In summary: Attempted creation of a cache with an unknown DataRegionName causes immediate and unrecoverable failure in the entire grid.
On attempted restarted Ignite notes all caches (including system caches) as being "Started cache in recovery mode" in the log and then scans the WAL. The incorrectly created cache is not mentioned at this point.
At the point the cluster is activated, (ie: this appears in the log "Started state transition: activate cluster"), it states the incorrectly created cache ("SiteModelMetadata") can not be started, log entry is: "Cache can not be started : cache=SiteModelMetadata"
This is followed by multiple messages like this: "Finished recovery for cache [cache=ignite-sys-cache, grp=ignite-sys-cache, startVer=AffinityTopologyVersion [topVer=12, minorTopVer=1]] "
This is followed by errors relating to proxy initialisation, eg: "Can not finish proxy initialization because proxy does not exist, cacheName=ignite-sys-cache, localNodeId=4d44108f-cd96-4953-94db-6365f998a91b"
All caches are then stopped, eg: "Stopped cache [cacheName=ignite-sys-cache]", and the grid enters a relatively dormant inactivated state where it only emits Ignite heartbeat messages.
This bug appears to be trivially easy to reproduce by creating a cache with an unknown data region.

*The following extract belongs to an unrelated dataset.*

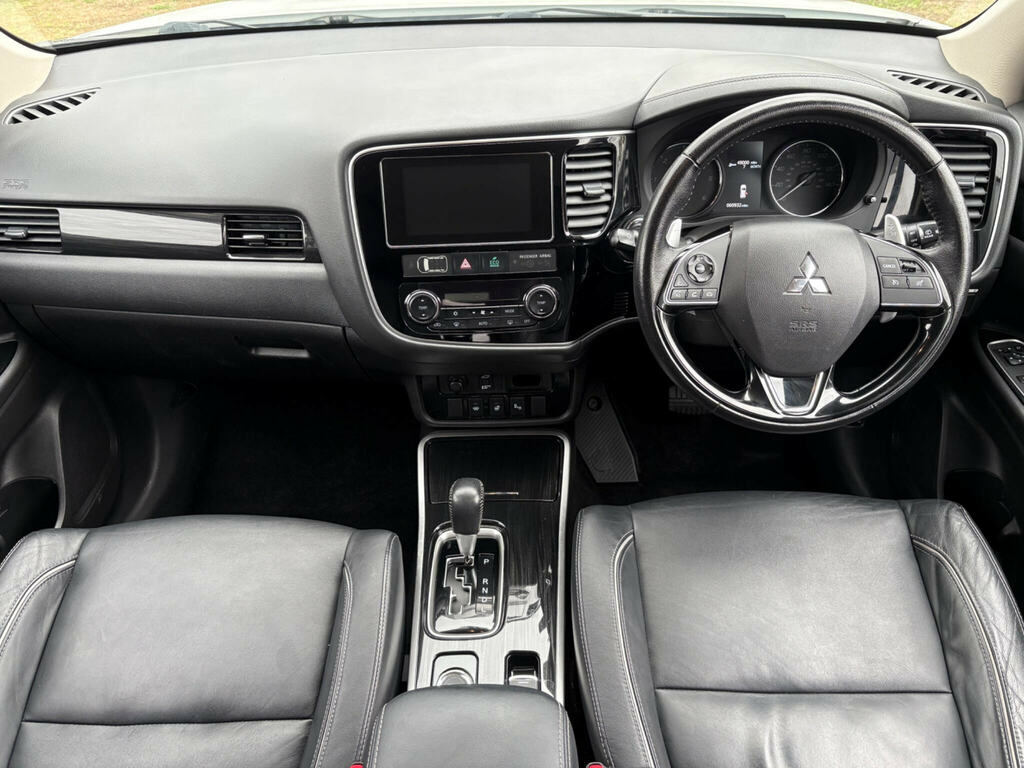 Mitsubishi Outlander 2.2 Di-d 4 4Wd Euro 6 White #2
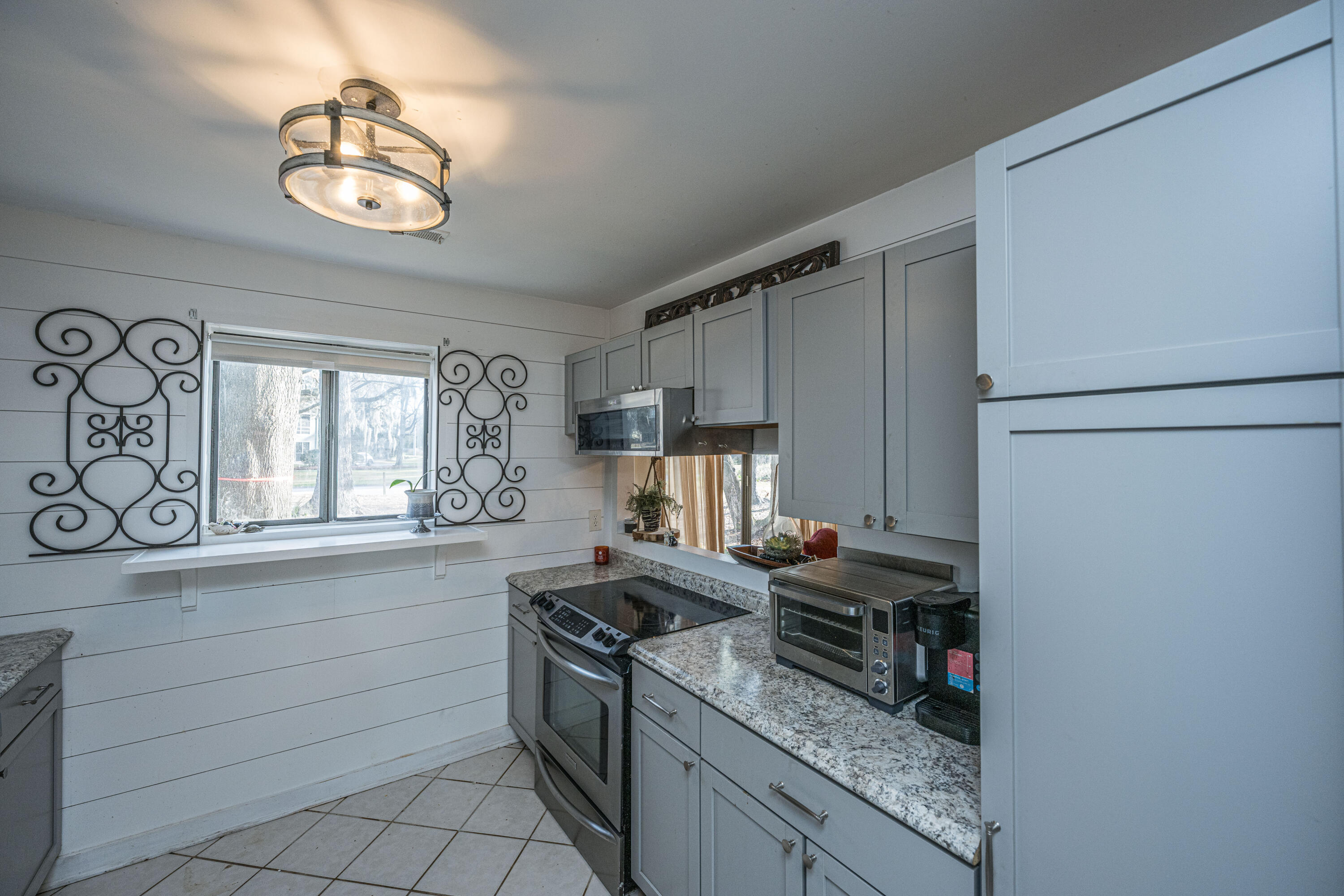 2770 Jobee Drive Drive 1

Attempting to destroy the bad cache in the grid with the Control.sh tool results in this output:
# ./control.sh --cache destroy --caches SiteModelMetadata WARNING: An illegal reflective access operation has occurred WARNING: Illegal reflective access by org.apache.ignite.internal.util.GridUnsafe$2 (file:/trex/libs/ignite-core-2.15.0.jar) to field java.nio.Buffer.address WARNING: Please consider reporting this to the maintainers of org.apache.ignite.internal.util.GridUnsafe$2 WARNING: Use --illegal-access=warn to enable warnings of further illegal reflective access operations WARNING: All illegal access operations will be denied in a future releaseWarning! The command will destroy 1 caches: SiteModelMetadata. If you continue, the cache data will be impossible to recover. Press 'y' to continue . . . y [01:53:38,925][SEVERE][session=24175683][CommandHandlerLog] Connection to cluster failed. Latest topology update failed.Control utility [ver. 2.15.0#20230425-sha1:f98f7f35] 2023 Copyright(C) Apache Software FoundationUser: rootTime: 2023-08-29T01:53:26.048 Command [CACHE] startedArguments: --cache destroy --caches SiteModelMetadata-------------------------------------------------------------------------------- Connection to cluster failed. Latest topology update failed.Command [CACHE] finished with code: Control utility has completed execution at: 2023-08-29T01:53:38.926
The Control.sh command to list caches also fails.